Ask HN: Have you ever had to write a data structure from scratch on your job? - rochak
I have been doing competitive coding from quite a while but failed to make use of it in my job. Most of the times, there is already a library built to perform the task required quite efficiently. Have you ever had to code a specific data structure and along with it a suitable algorithm to fulfill your purpose or do you too make use of such libraries?
======
nostrademons
Yes, but it's pretty rare (I assume by data structure you mean like something
out of an algorithms textbook, not the structs & classes that most programmers
use all the time). I did a string trie for an autocompletion system once (and
then found that binary search over a sorted array was faster, go figure), and
a binary space partitioning tree for a game creation engine. Also stacks,
queues, state machines, and augmented trees come up _all the time_ , but
they're not particularly difficult to implement.

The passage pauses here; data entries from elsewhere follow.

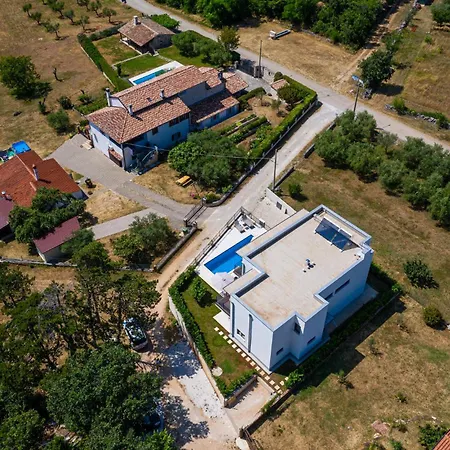 In With Outdoor Swimming Pool Gambozzi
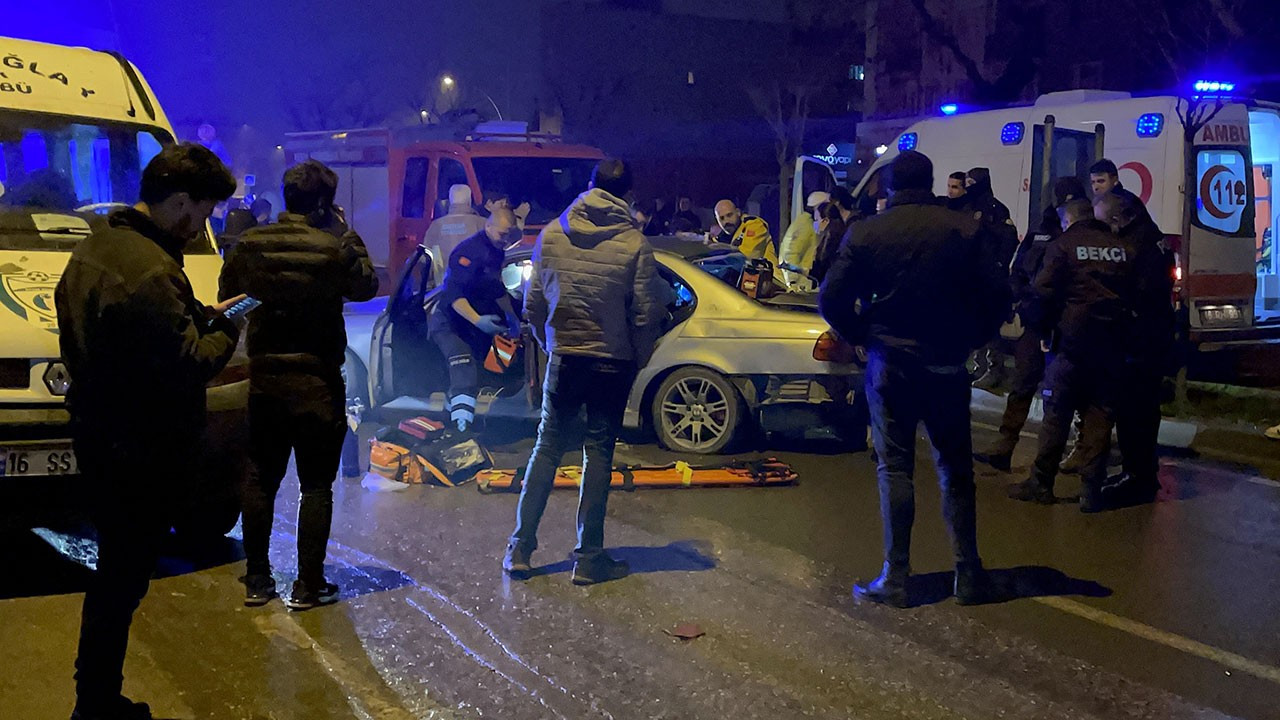 Polisten kaçarken minibüse çarptı: 1 kişi öldü, 4 kişi yaralandı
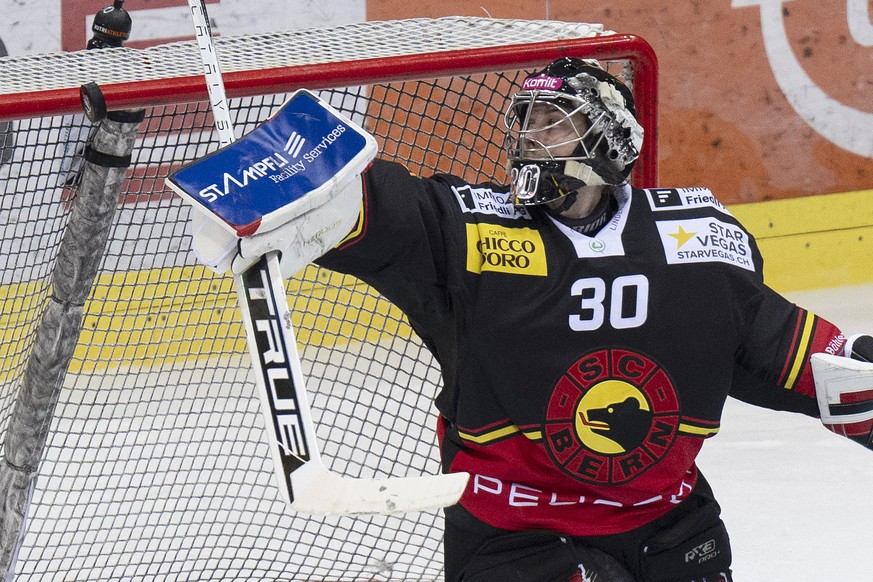 Berns Torhueter Philip Wuethrich wehrt einen Puck im vierten Playoff Viertelfinal Eishockey Spiel der National League zwischen dem SC Bern und dem EV Zug, am Samstag, 23. Maerz 2024, in der PostFinanc ...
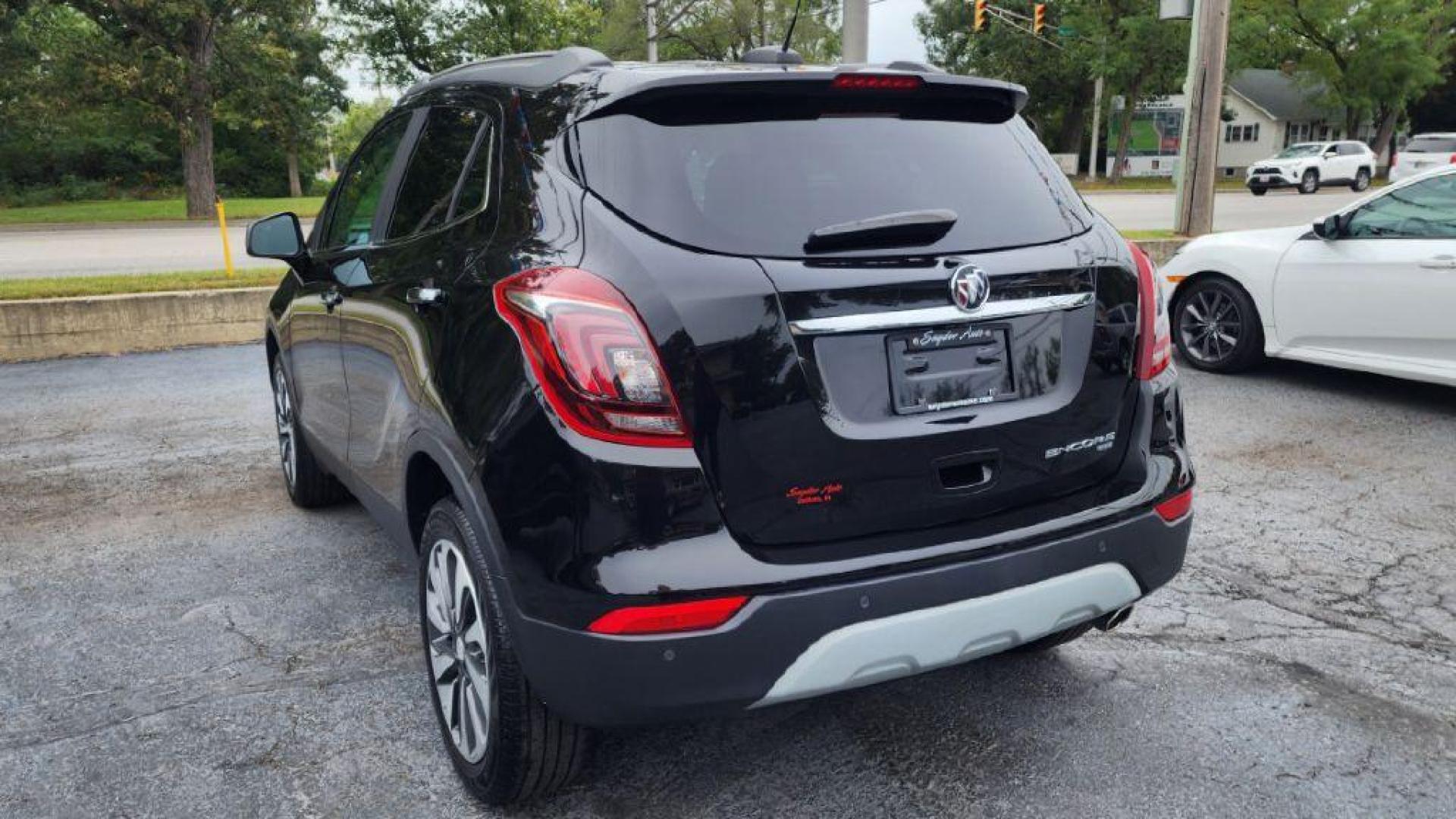 2022 BLACK BUICK ENCORE PREFERRED - AWD (KL4CJESM7NB) with an 1.4L engine, Automatic transmission, located at 101 S. Halleck St., DeMotte, 46310, (219) 987-2922, 41.202343, -87.198189 - Photo#3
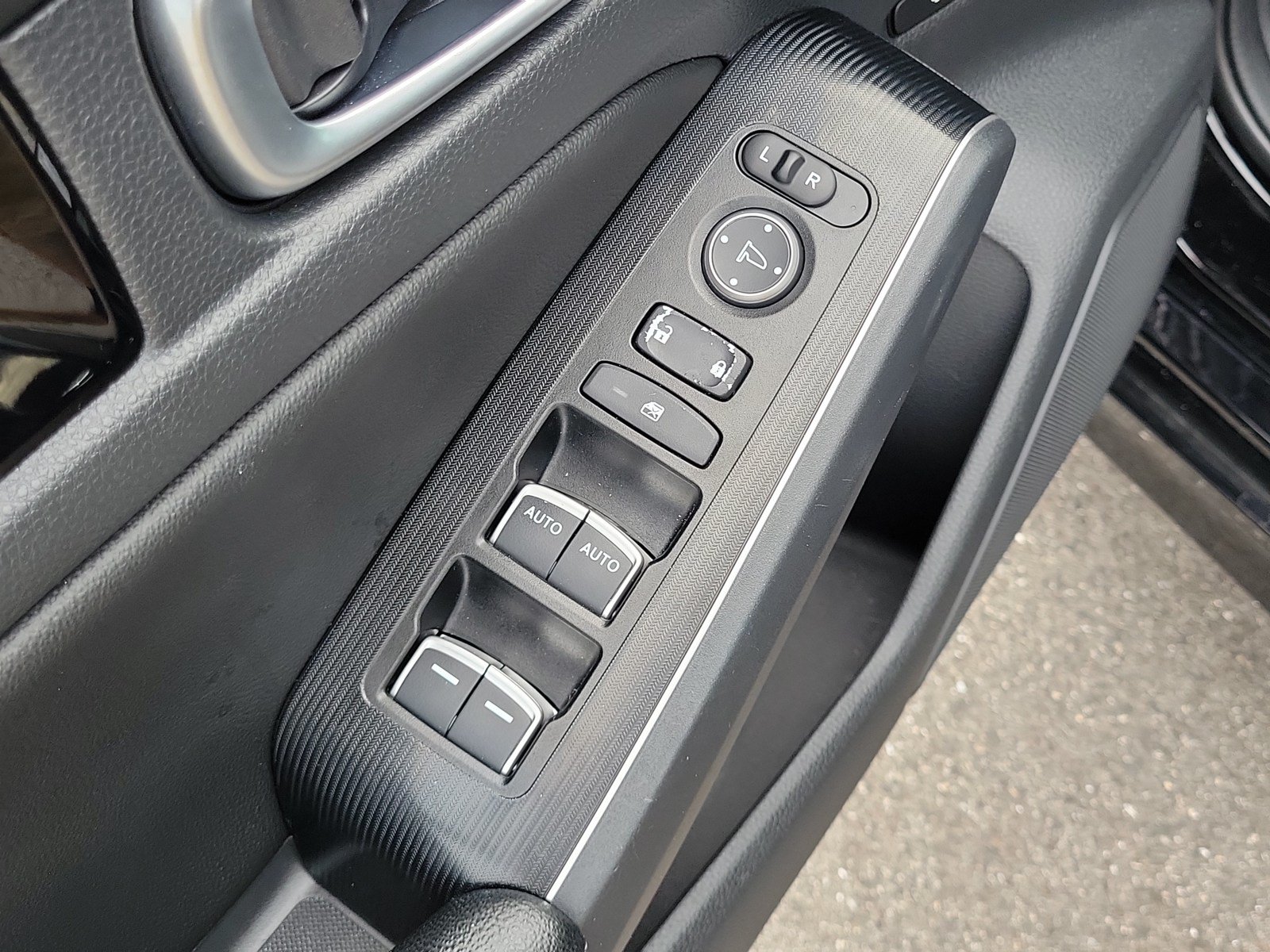 Used 2024 Honda Civic Touring image 14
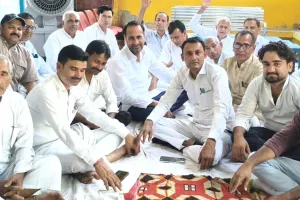 'ई-रजिस्ट्री के विरोध में दूसरे दिन भी जारी रहा धरना-प्रदर्शन'
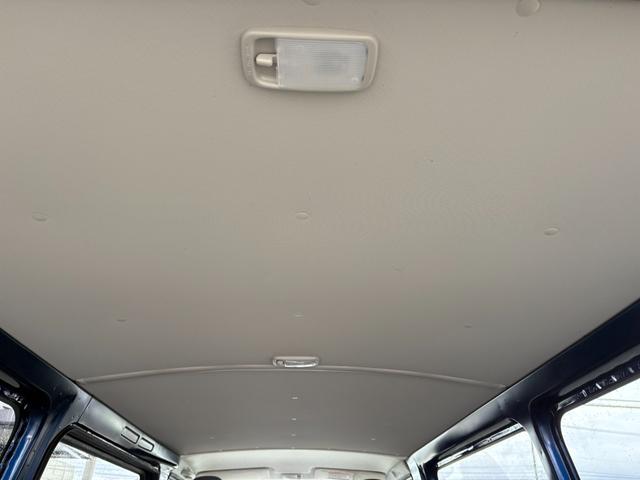 ハイエースバン ロングDX マニュアル/リアヒーター/純正フロアマット/プライバシーガラス/ラジオ/純正ドアバイザー/キーレス/スペアキー付属(48枚目)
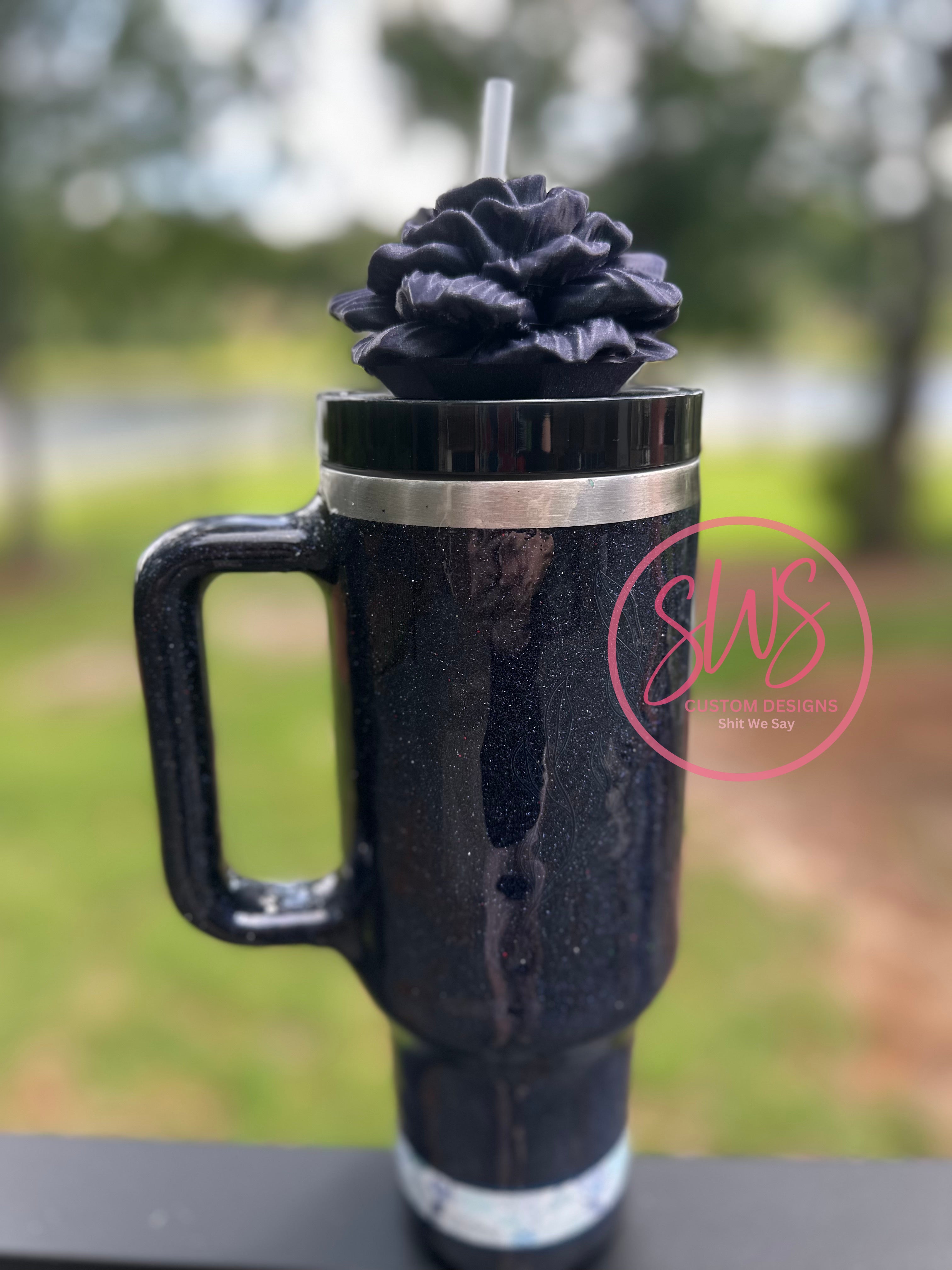 40 oz Tumbler Dark Blue with Black Peony Tumbler Topper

I think that one very underrated skillset is the ability to implement a data
structure or algorithm _on top of_ an existing platform. For example, can you
implement reservoir sampling and a state machine on top of SQL? If you can,
there's a good chance your Hadoop analytics cluster can be replaced with a
single DB instance and a work-queue system. Can you implement a graph
algorithm on top of MapReduce? That's how Google's Pregel system got started.
Can you implement a diff algorithm on top of the DOM? React. Three-way merge
on S3? DropBox. Binpacking over Linux containers? Borg/Omega/Kubernetes.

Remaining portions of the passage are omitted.